[stdlib-sig] Python-the-platform vs Python-the-framework

Orestis Markou orestis at orestis.gr
Wed Sep 16 17:35:36 CEST 2009


The recent discussions on breaking the standard library made something  
click for me. I wrote a long blog post about it, which I am pasting  
here. The original is at http://orestis.gr/blog/2009/09/16/backwards-compatibility-straw-man/

Hopefully it will help the discussion go forward, and perhaps help the  
people who are writing PEPs.

TL;DR was TL;DR: By acknowledging the different ways Python is used,  
we will be at a better position to evolve it.

TL;DR version: Python can be separated into two parts: Python-the- 
platform and Python-the-framework. The former is mainly the language  
and some core services, the latter is the "batteries". Some people  
code against frameworks that bypass the batteries, some code against  
the batteries themselves. While it's important that the batteries are  
there and relatively stable, since they are mostly domain-specific,  
they are superseded by newer, better and more powerful ones every once  
in a while. Python-core are experts on the language, they are not on  
the various domains. We should let domain experts develop solutions  
for their domains outside the stdlib, and not confuse users by keeping  
outdated and cranky modules in the stdlib.


Original:

== Backwards compatibility is a straw man==

I recently signed up to stdlib-sig so I could just nod in agreement to  
the people that suggested that the stdlib needs to evolve. In the  
discussions that ensued, the backwards compatibility argument came up  
often. I think it's not a valid argument for the specific discussion,  
though. Here are my thoughts.

## What is stdlib?

The standard library is a set of packages and modules that get shipped  
by default with the Python interpreter.  Despite what I thought when I  
was starting with Python, it doesn't represent the so-called "best- 
practices" modules. There is no overarching design that dictates why  
things are the way they are. Instead, it just represents a set of  
modules that have been picked up at some point in time. Some of them  
are close to the language (such as collections, itertools and others)  
and some are domain-specific tools. The difference is significant.

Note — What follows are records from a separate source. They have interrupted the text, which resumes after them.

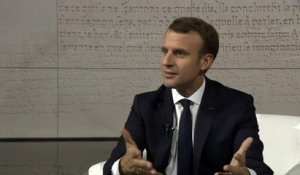"Certains pourront être rapatriés, d'autres jugés sur place" : Macron s'exprime sur le sort des jihadistes français en Syrie et en Irak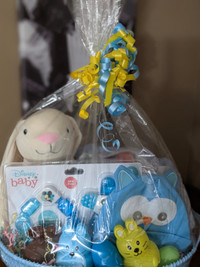 Baby easter baskets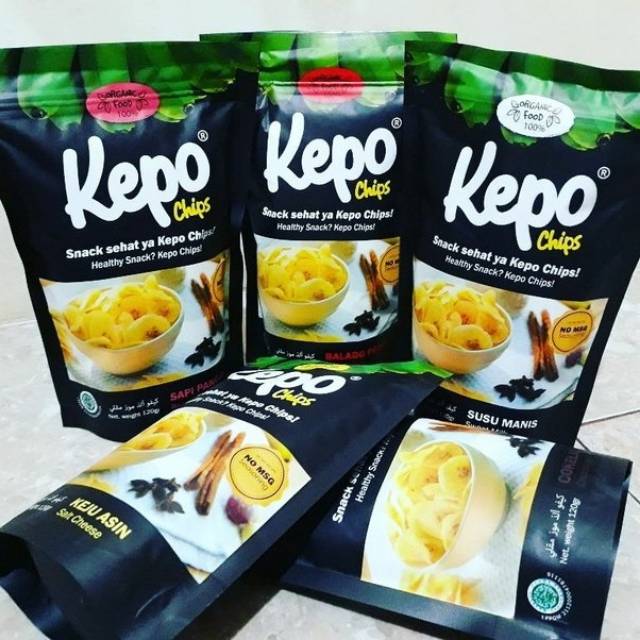 

Keripik Pisang Kepok Asli Kalimantan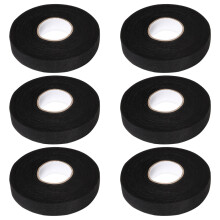 6 Kabelbaum-Band Reparatur 2500,00x1,90x0,10 cm Schwarz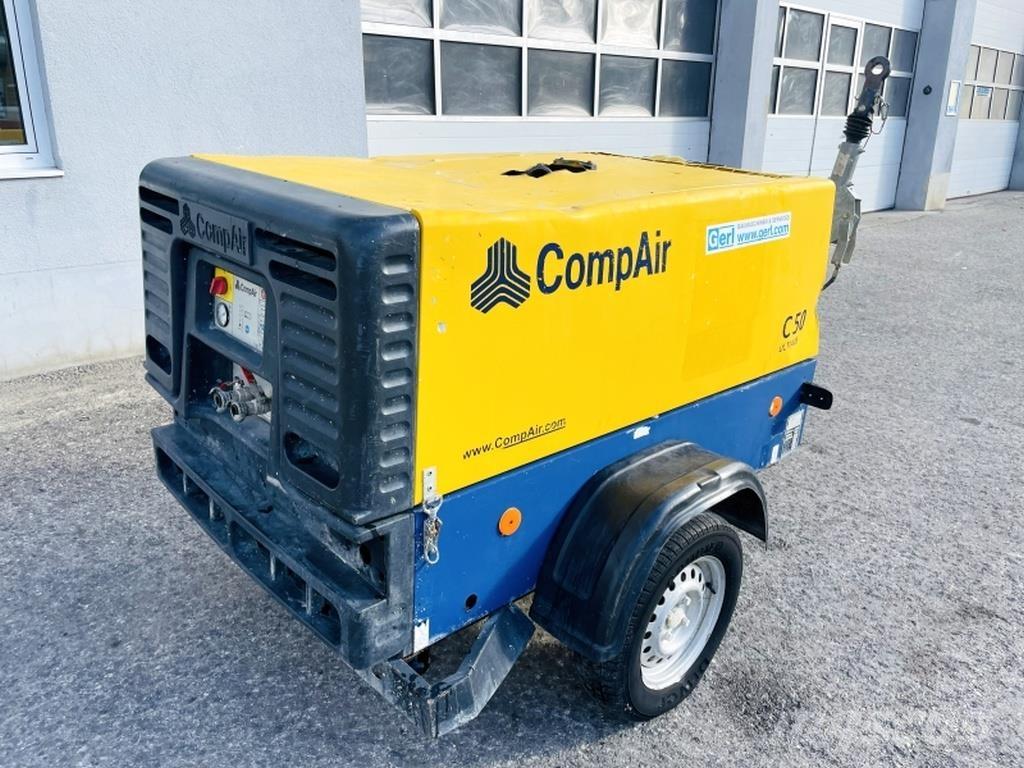 Compair C50 Kompressorer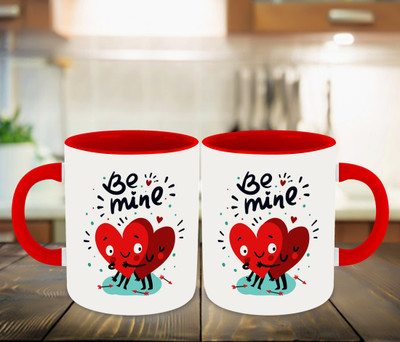 FLEXERSTYLE NEW2025-Mug MixLoveTheme-CM-325 ml pack of 1 _NEW Ceramic Coffee Mug(325 ml)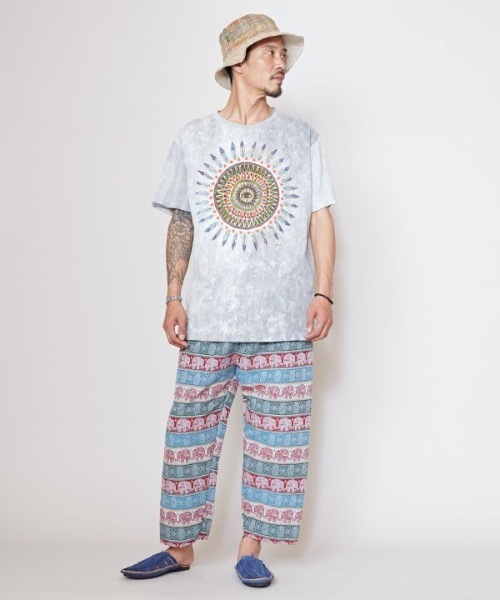 チャイハネ(チャイハネ)の「【チャイハネ】アシカラメンズTシャツ(Tシャツ/カットソー・メンズ・その他1/その他2/その他3・FREE)」の6枚目の写真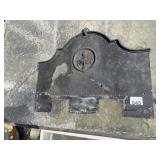 METAL HOUSE NUMBER WALL PLATE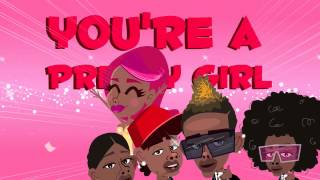 Mindless Behavior Ft. Jacob Latimore &amp; Lil Twist - Pretty Girl (Official Animated Music Video)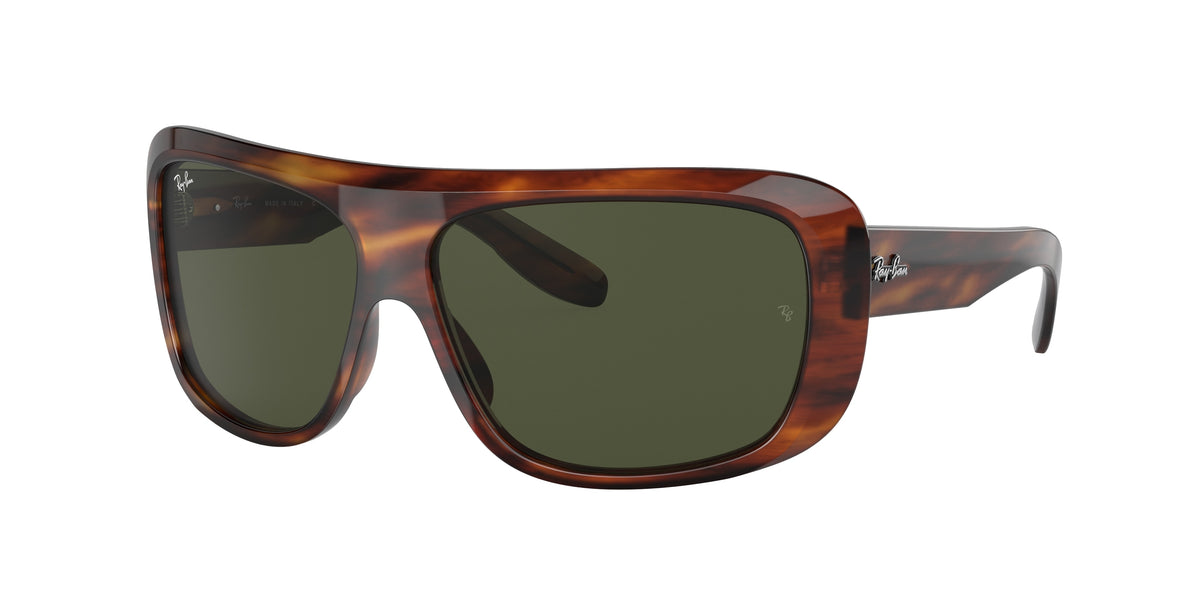 Ray-Ban RB2196 Striped Havana Sunglasses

Here is an attempt to divide the ones visible at [the docs](http://docs.python.org/library/ 
). Of course, I'm choosing here based on personal preference, YMMV.  
Here we go:

### Language

String Services:

 > `string, re, struct, StringIO, cStringIO, codecs, unicodedata`

Data types:

 > `datetime, collections, heapq, bisect, array, sets, sched, mutex,  
queue, weakref, UserDict, UserList, UserString, types, new, copy,  
pprint, repr`

Numeric and Mathematical Modules:

 > `numbers, math, cmath, decimal, fractions, random, itertools,  
functools, operator`

(why itertools, functools and operator are here is beyond me)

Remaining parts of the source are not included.